Turne Ve Yeni Bir Ayrılık

81 10 1
                                    

Bileğine bak, bütün hayatın şurada duran ivncecik damara bağlıysa hayatı neden önemseyesin ki...
-Eminem-

Hala koşuyordum. Neden bilmiyorum ama annemi görme ümidi vardı hala içimde. Hala kabullenememiş miydim, yoksa tek isteğim ona son kez sarılmak mıydı? Hiçbir fikrim yoktu. Sadece anneme yetişmek istiyordum ya da hayaline mi demeliyim. Karşıdan gelen araba ise oldukça yaklaşmıştı. Farları gözümü alıyordu ve hiçbirşey göremedim bir an. Durup elimle gözümü siper ettim. Herşey bitti dedi iç sesim. Tam o sırada iki kol beni sarıp yolun kenarına itti. Beraber çamurda yuvarlanmıştık resmen. Dizlerim yere çarptığımda ağzımdan bir inilti koptu. Sesler kayboldu birden. Sadece uğultular vardı.

Gözlerim hala sımsıkı kapalıydı. Açmaya korkuyordum çünkü. Acı çekmekten ölesiye korkuyordum, birini kaybetmekten ölesiye korkuyordum. Hayattan korkuyordum. Sesler yavaşça belirginleşince gözlerimi araladım. Başında ağlayan bir adet Niall ve endişeli üç kişi vardı. Harry yoktu.

"Lanet olsun Karen, ne düşünüyordun ha o arabanın önüne atlarken ne düşünüyordun? İntaharı mı, beni bırakmayı mı?"

"Ben... Niall annemi gördüm yanına gidiyordum. Görmedim yemin ederim görmedim. Bırakmam ki seni niye bırakıyım Niall? Aşığım sana."

Ağlayarak konuştuğum için araya hıçkırıklarımda karışmıştı. Belki de ilk kez herkesin önünde bu denli ağlıyordum ve engel olmuyordum. İstemiyordum çünkü. Acizsem acizdim, savunmazsızsam savunmasızdım, yanlızsam yanlızdım ve bu sadece bana ait şeylerdi. Kimse yüzüme vuramazdı. O sırada arkadan Harry çıkarak yanıma geldi ve sıkıca sarıldı. Ona sarılınca ağlamam şiddetlenmişti.

"Tamam hayatım sakinleş, yanındayım ben sakin ol." dedi saçlarımı okşayarak. Daha sonra arka taraftaki çocuklara döndü ve sözüne devam etti.
"...kesin sesinizi! Annesini kaybetti o böyle bir tranva yaşaması normal."

Elini sırtıma koyarak kaldırdı. Niall'ın arabasına doğru yürüdük. Çocuklardan uzaklaşınca kulağıma yönelip fısıldadı.

"İyi misin tatlım?"

Onaylamayarak kafa salladım. Yalan söyleyemeyecek kadar bitkin hissediyordum. Arabanın ön kapısını açıp beni bindirdi.

"Seni anlıyorum Karen. Ama alışmak için çabala bu böyle gitmez."
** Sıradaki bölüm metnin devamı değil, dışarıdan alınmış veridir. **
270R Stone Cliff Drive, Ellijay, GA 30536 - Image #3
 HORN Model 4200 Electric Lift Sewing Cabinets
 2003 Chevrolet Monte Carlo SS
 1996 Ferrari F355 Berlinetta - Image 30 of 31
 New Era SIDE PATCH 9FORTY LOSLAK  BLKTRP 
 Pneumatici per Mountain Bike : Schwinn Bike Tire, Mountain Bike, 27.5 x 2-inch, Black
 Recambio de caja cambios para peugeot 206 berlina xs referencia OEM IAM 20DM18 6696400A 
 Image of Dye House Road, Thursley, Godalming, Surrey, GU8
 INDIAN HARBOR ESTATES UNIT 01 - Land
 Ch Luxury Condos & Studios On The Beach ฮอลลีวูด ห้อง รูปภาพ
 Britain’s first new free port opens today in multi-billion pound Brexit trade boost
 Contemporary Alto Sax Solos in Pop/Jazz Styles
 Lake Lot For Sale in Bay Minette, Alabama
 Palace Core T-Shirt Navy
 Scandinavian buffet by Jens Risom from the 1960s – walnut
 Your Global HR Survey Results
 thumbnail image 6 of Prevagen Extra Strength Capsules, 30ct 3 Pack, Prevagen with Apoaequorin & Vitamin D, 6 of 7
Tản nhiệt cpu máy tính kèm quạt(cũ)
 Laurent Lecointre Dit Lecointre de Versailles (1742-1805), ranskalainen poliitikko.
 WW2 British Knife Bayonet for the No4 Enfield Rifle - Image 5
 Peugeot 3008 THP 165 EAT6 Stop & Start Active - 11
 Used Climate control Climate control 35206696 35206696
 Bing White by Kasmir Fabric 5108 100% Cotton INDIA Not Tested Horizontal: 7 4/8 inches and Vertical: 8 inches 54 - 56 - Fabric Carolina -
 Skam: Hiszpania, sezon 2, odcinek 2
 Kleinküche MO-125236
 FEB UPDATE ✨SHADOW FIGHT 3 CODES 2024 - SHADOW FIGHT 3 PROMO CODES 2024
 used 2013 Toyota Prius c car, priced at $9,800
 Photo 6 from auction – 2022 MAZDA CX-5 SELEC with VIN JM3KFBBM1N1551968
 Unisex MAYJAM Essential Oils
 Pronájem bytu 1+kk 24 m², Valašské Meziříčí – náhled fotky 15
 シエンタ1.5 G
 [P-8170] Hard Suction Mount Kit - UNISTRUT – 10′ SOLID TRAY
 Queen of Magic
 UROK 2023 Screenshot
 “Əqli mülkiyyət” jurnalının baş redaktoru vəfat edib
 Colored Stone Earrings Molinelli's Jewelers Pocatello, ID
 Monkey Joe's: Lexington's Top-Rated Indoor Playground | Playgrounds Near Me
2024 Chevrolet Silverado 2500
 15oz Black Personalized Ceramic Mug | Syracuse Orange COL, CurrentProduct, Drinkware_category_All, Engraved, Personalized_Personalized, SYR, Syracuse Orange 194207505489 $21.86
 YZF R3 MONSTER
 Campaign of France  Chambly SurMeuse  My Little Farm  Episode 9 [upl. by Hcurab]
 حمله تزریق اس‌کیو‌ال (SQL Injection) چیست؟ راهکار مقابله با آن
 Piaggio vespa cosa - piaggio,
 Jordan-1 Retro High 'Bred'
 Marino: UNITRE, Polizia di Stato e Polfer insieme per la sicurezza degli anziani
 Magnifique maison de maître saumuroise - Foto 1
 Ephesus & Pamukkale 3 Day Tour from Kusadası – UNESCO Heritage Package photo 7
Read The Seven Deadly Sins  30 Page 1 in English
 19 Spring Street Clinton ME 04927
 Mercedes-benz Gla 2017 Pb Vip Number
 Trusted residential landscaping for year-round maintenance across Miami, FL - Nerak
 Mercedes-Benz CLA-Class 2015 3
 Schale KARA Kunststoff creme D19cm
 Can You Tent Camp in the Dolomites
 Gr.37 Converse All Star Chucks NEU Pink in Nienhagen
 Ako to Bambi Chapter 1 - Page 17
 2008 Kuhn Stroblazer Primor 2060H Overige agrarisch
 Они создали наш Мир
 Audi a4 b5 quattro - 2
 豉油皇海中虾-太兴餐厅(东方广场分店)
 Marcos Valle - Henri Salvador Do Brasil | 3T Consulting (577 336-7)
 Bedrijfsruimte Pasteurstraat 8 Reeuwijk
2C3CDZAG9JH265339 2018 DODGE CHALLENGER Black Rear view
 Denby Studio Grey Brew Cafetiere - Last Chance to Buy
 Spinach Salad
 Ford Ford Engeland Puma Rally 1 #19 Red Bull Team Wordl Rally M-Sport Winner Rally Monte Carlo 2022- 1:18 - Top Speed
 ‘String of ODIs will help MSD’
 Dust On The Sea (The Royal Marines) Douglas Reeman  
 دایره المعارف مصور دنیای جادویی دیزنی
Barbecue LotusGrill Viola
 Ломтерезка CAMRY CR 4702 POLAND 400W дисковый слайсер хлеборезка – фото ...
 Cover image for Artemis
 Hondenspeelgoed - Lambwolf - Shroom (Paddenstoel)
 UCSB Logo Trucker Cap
Diyerek arabadan uzaklaştı. Bende ardından onu izledim. Liam, Harry'nin kolundan tutup köşeye çekti ve küçük bir tartışma yaşandı. Konuşan Liam olduğu için ağzını okumak zordu elbette. Ama eminim konu Harry'nin az önceki korumacı tavrıydı. Konuşma bittikten sonra Harry elini savurup arabasına doğru devam etti. Çok sert görünebilirdi ama o kadar iyi bir kalbi vardı ki eğer o kalbe ulaştıysanız mükemmel Harry'i görürsünüz.

Harry'e o kadar dalmıştım ki Niall'ın geldiğini görmemiştim bile. Ona kızgın mıydım bilmiyorum ama bu tür bir meseleyi büyütmek istemiyordum. Yüzüne bakmamaya özen gösterek kendi halimde parmaklarımla oyanalıyordum. Arabayı çalıştırarak mezarlıktan çıktı.

"Yüzüme bakar mısın bir saniye?"

Gözümü camdan ayırıp Niall'a baktım o da bir bana birde yola bakıyordu.

"Konuşmayacak mısın Karen? Vur, kır, dök ama konuş benimle sessiz kalma."

Ağzımdan alaycı bir ses çıkararak camdaki manzarama geri döndüm.

Sessizlik, alınganlığımı belli etmek için değildi. Sessizliğim sadece bir saldırma tekniğiydi. Hayata karşı taaruzda bulunmak için bir yöntemdi.

"Pekala bayan, konuşma. Ama ben özür dilerim. Gösterdiğim tepki fazlaydı ve çok bencilce davrandım. Bilmediğin birşey var ki sana birşey olursa ölebileceğim gerçeği. Karen sana birşey olursa dayanamam."